#### [WHAT THE TASK ASKS]
Give back exactly the line containing "Peugeot 407 2.2i, снимка" together with all the lines after it, ending at the final line below.

======== SUPPLIED DATA ========

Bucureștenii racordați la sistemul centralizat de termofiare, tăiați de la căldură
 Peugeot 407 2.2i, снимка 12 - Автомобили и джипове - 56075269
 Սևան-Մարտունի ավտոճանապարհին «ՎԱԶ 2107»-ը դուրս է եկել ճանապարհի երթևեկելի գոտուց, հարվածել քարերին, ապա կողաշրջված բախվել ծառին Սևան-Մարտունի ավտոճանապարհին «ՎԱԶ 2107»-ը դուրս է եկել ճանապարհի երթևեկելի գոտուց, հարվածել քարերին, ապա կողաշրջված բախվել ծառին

========

#### [REPLY]
 Peugeot 407 2.2i, снимка 12 - Автомобили и джипове - 56075269
 Սևան-Մարտունի ավտոճանապարհին «ՎԱԶ 2107»-ը դուրս է եկել ճանապարհի երթևեկելի գոտուց, հարվածել քարերին, ապա կողաշրջված բախվել ծառին Սևան-Մարտունի ավտոճանապարհին «ՎԱԶ 2107»-ը դուրս է եկել ճանապարհի երթևեկելի գոտուց, հարվածել քարերին, ապա կողաշրջված բախվել ծառին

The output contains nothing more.